PROBLEM TO SOLVE:
Give again only the lines from the line that holds "Žádné vikýře, žádná" to the end of the data, inclusive, omitting all pictures.

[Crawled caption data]
============================================================

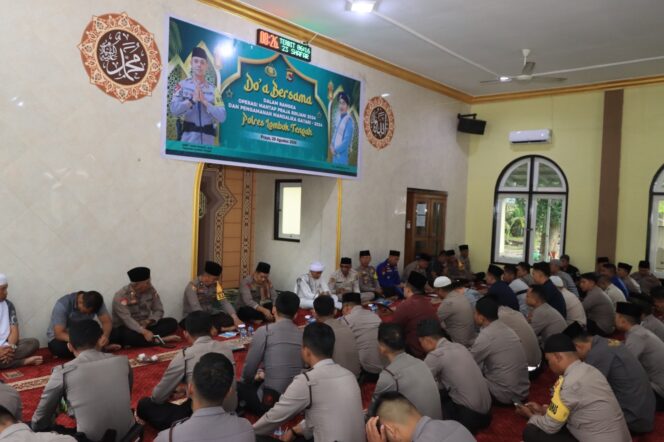 
					Polres Loteng Gelar Binrohtal dan Doa Bersama Untuk Pilkada Damai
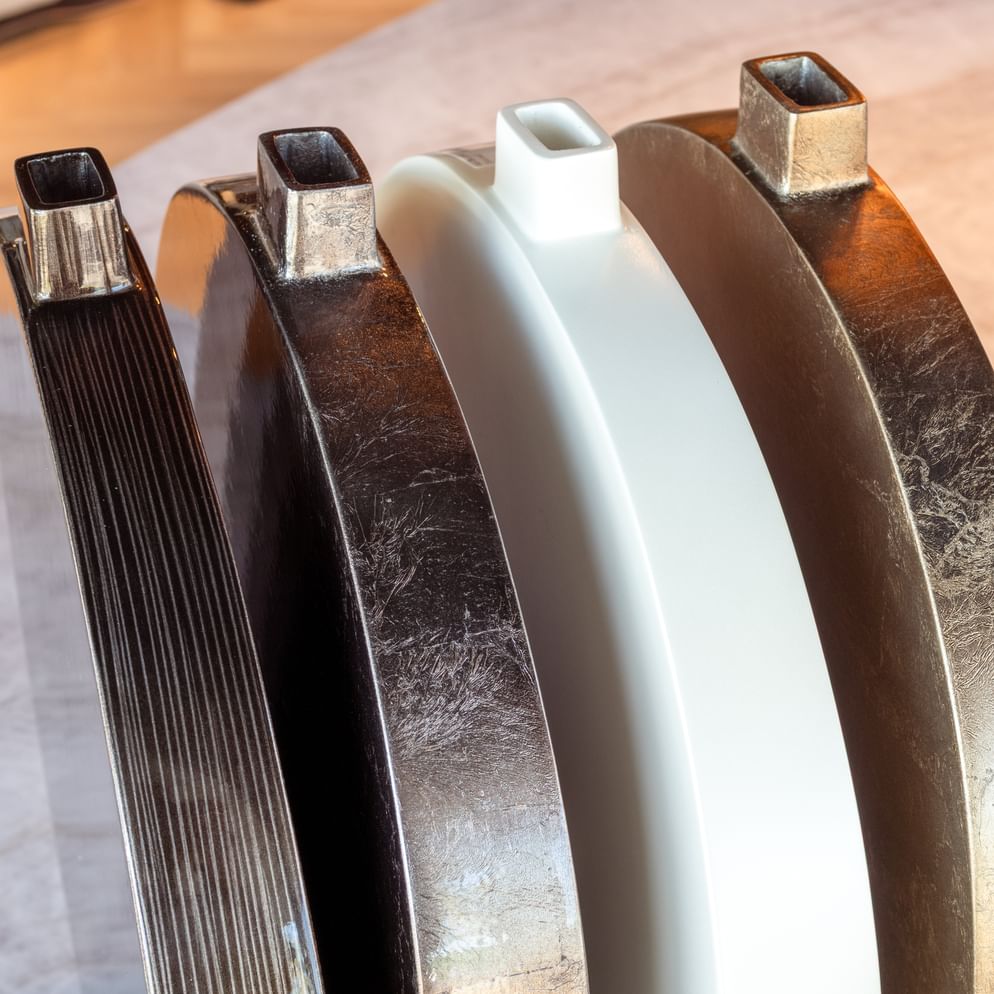 Vaas disc warm grey 35cm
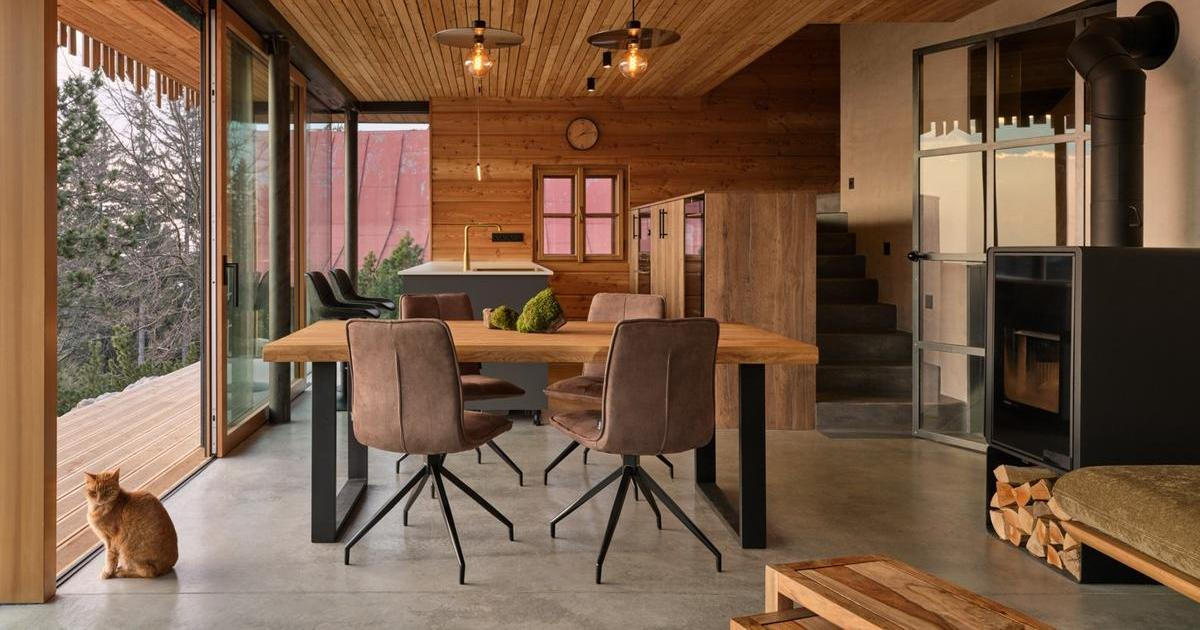 Žádné vikýře, žádná střešní okna. Tradiční valašský dům si architekti otevřeli do hor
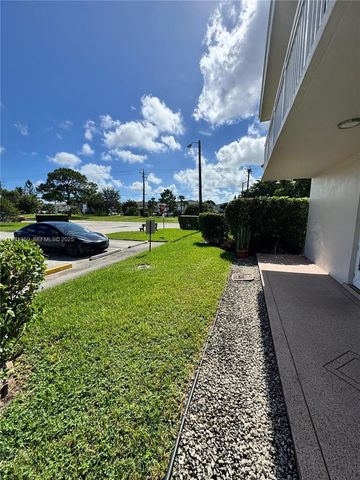 18 Hastings B 18, West Palm Beach, FL 33417
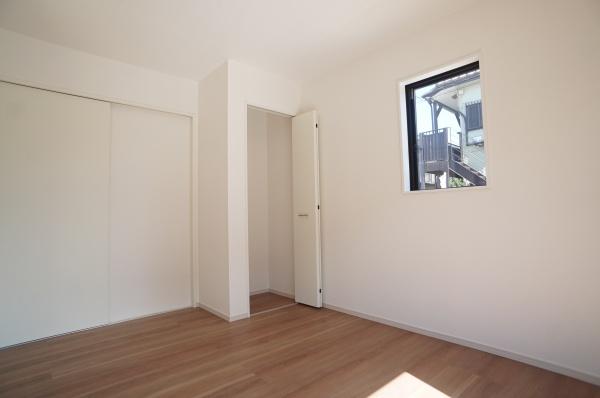 牛久市田宮町の新築一戸建(洋室)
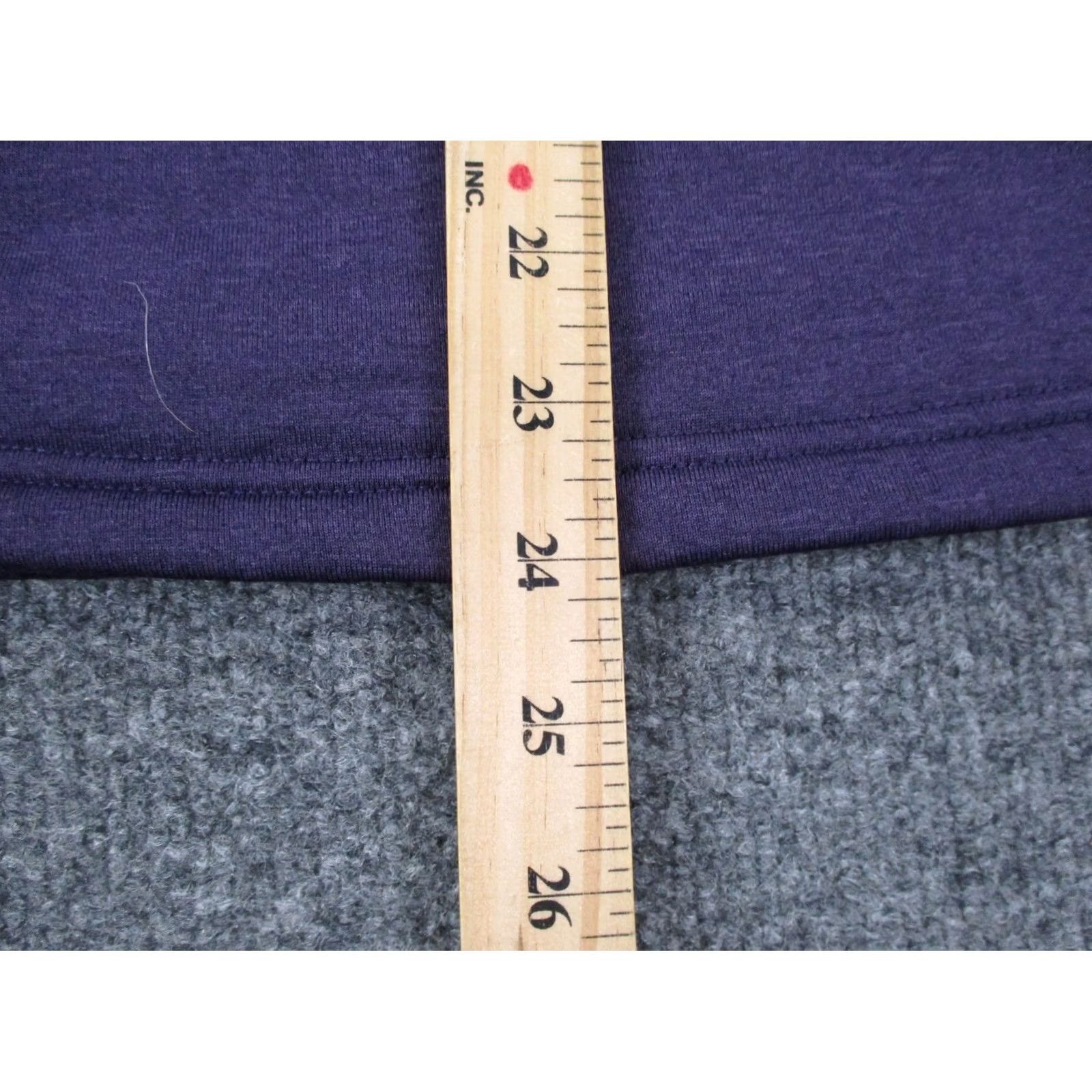 Patagonia Patagonia Jacket Womens M Purple Windbreaker Outdoor Outdoor Camping Hiking Pockets Zipped Pockets Logo 1990s Size M / US 6-8 / IT 42-44 - 4 Thumbnail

============================================================

RESPONSE AREA:
 Žádné vikýře, žádná střešní okna. Tradiční valašský dům si architekti otevřeli do hor
 18 Hastings B 18, West Palm Beach, FL 33417
 牛久市田宮町の新築一戸建(洋室)
 Patagonia Patagonia Jacket Womens M Purple Windbreaker Outdoor Outdoor Camping Hiking Pockets Zipped Pockets Logo 1990s Size M / US 6-8 / IT 42-44 - 4 Thumbnail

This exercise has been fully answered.